LEAVENWORTH — A challenger for the Cascade School District believes the board needs some new blood, while the incumbent hopes to continue shepherding projects that began during her tenure.
Cindy Puckett, 55, is a first-time candidate seeking the chair now occupied by Teddy Rieke, 43, who’s been reelected without opposition three times since she was first appointed in 2002.
Puckett, a Leavenworth native, is a merchandise manager for Dan’s Food Market and a former title clerk. She said she wanted to “try something different and be involved” as her 16-year-old stepson and kindergarten-age granddaughter enter Cascade schools. Her late mother, Arleen Blackburn, served on the board in the 1970s.
“Some of the people I’ve talked to say they want a more diversified board,” Puckett said. “It’s been kind of the same for a long time.”
She said the district needs to find thrifty ways to serve its students. A $46.4 million bond levy in 2011 that would have rebuilt Cascade High School fell 12 points short of the 60 percent of votes needed to pass.
“If they really, seriously look at the school and there’s really some issues that need to be fixed, let’s find a way to fix it economically, in a way that will last another 10, 20, 30 years,” she said.
Schools should also try to find ways to pay for classroom supplies, like pencils and tissues, to take pressure off parents who are now asked to provide such things at the start of the school year. And pressure on high school students could be alleviated by doing away with senior project requirements to graduate, she said: “To me, it feels like a punishment.”
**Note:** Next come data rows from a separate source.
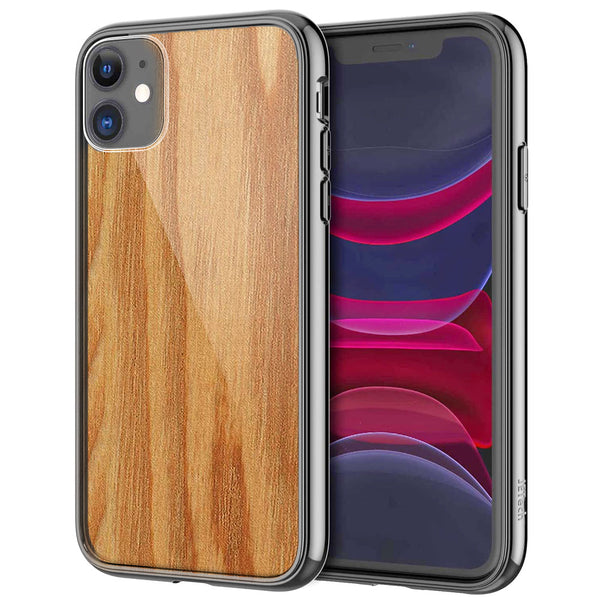 Coque iPhone 12, iPhone 12 Mini, iPhone 12 Pro Max en Verre Trempé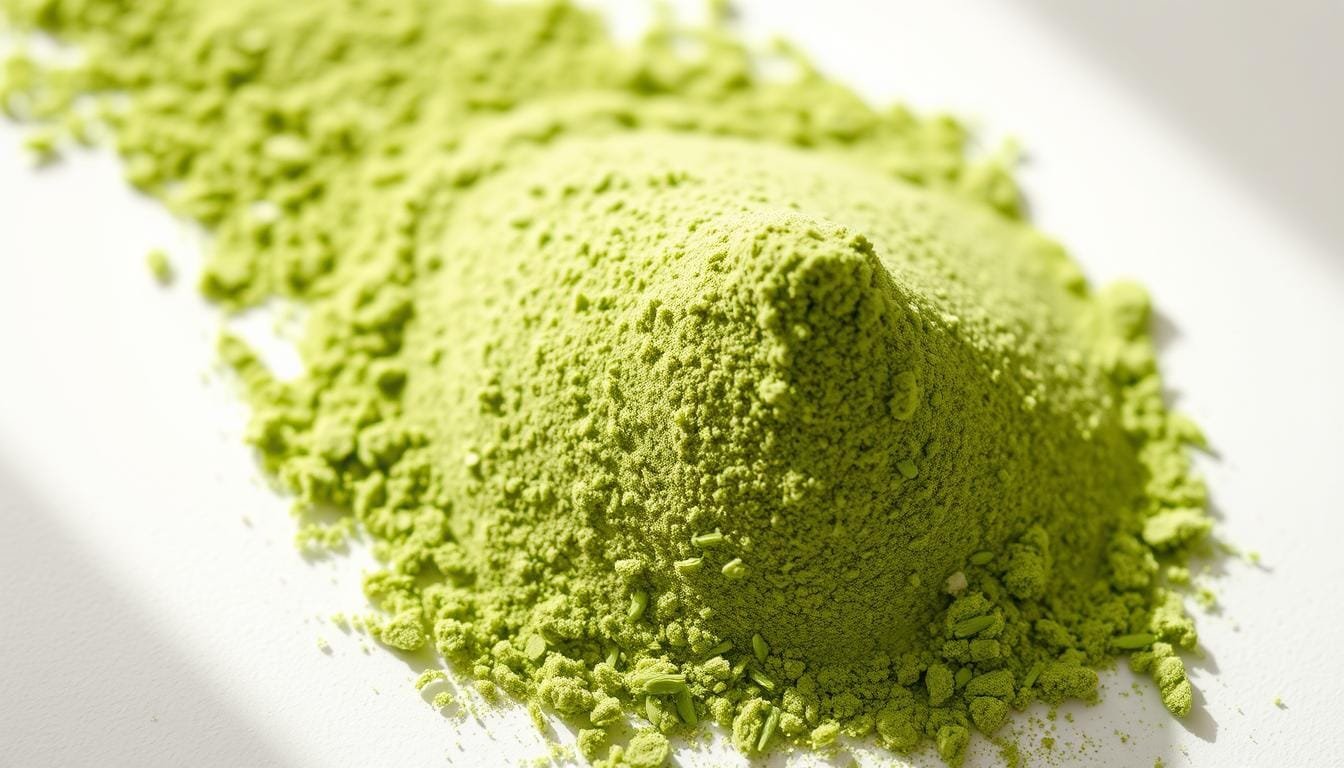 best barley supplement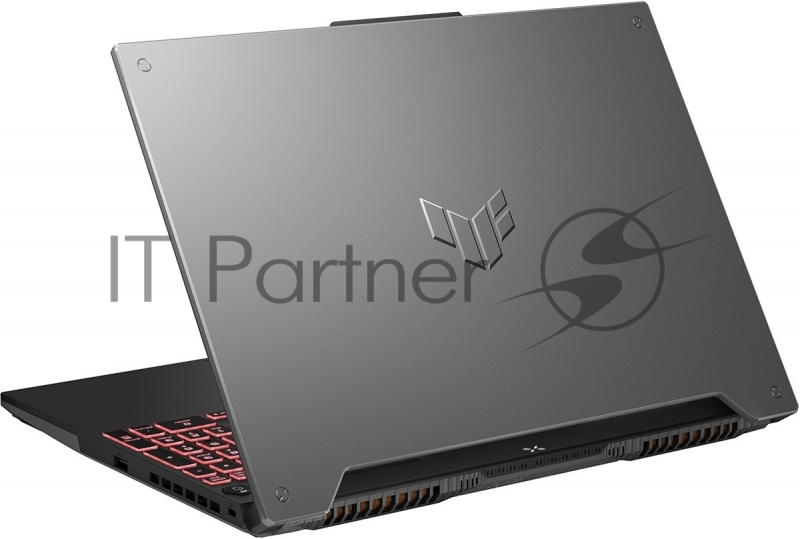 Ноутбук ASUS TUF Gaming A15 FA507RR-HQ007 Ryzen 7 6800H/16Gb/1Tb SSD/15.6 QHD IPS 144Hz/NVIDIA GeForce RTX 3070 8Gb GDDR6/No OS grey
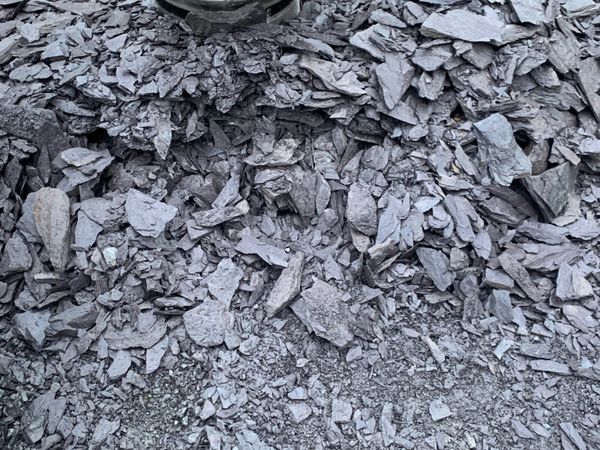 Valentia slate mulch - Main image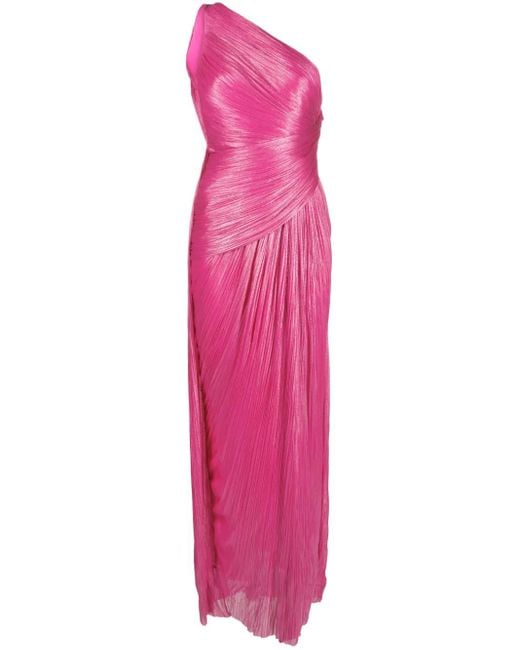 Maria Lucia Hohan Pink Dresses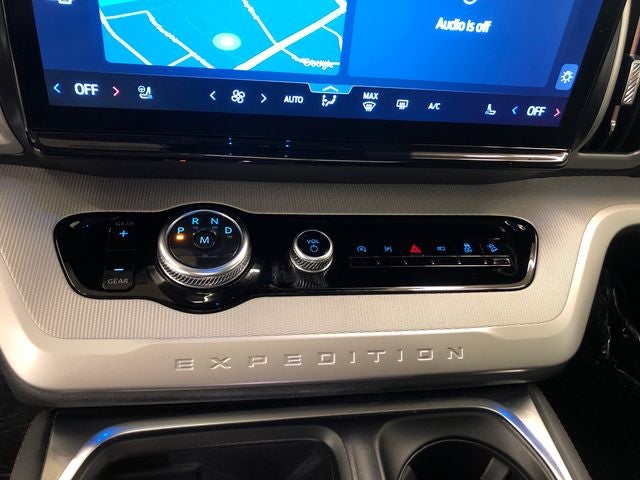 2025 Ford Expedition Max Active 202A/ROOF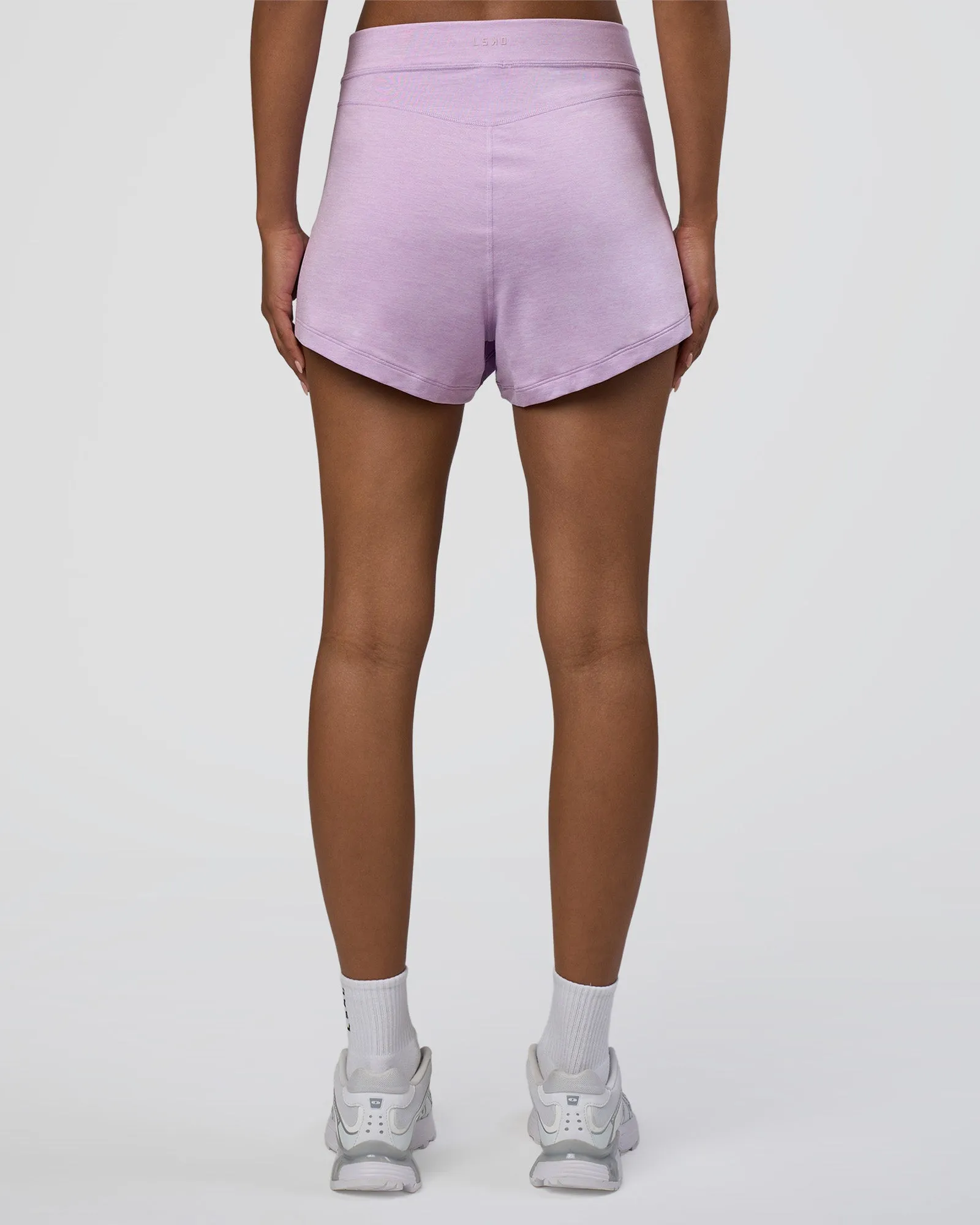 Movement CloudFLX 3" Short - Orchid Bloom Marl sold by LSKD product image thumbnail 3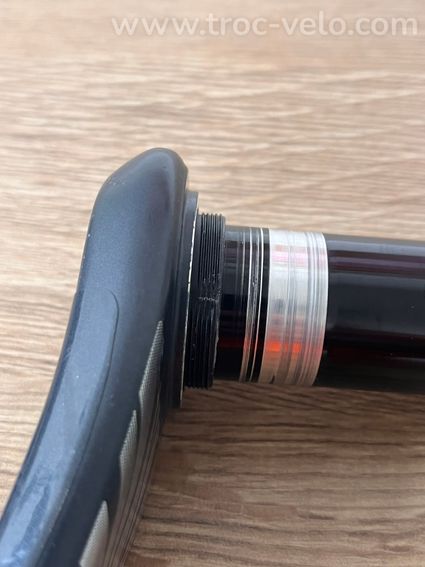 Pédalier Sram XO1 - 11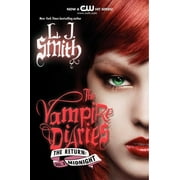 Vampire Diaries: The Return: Midnight (Paperback)
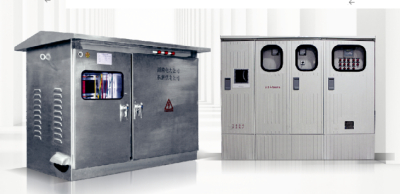 JP 柜系列户外综合配电箱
As a parent of three, Puckett formed a group in the early 2000s concerned by the schools’ adoption of the Make Your Day program, in which middle school students were asked to share “concerns” about the behavior of classmates. Such pressure led to the program’s overhaul, and now Puckett, a former Sunday school teacher, says schools should try to involve parents in the classroom dynamic as much as possible.
“I really see my role as setting policy and being a cheerleader and advocate for our teachers and administrators, and making sure I can be there for people in my district,” said Rieke, who’s now co-owner with her husband Kevin of The Wood Shop and The Hat Shop in downtown Leavenworth.
A new attempt at a school construction levy is on her agenda if she’s voted in again — citizens’ committees are now looking at ways to finance the project, and what to build.
“We aren’t on these committees,” Rieke said of school board members. “We are letting the public do this research and ask the questions about what that might look like. It’s a very transparent approach that’s been led by our superintendent (Steve McKenna).”
A bond amount hasn’t been finalized, but in this way, the board hopes to build public engagement into a successful levy campaign. “We need everybody on the same page for something like this to pass,” she said.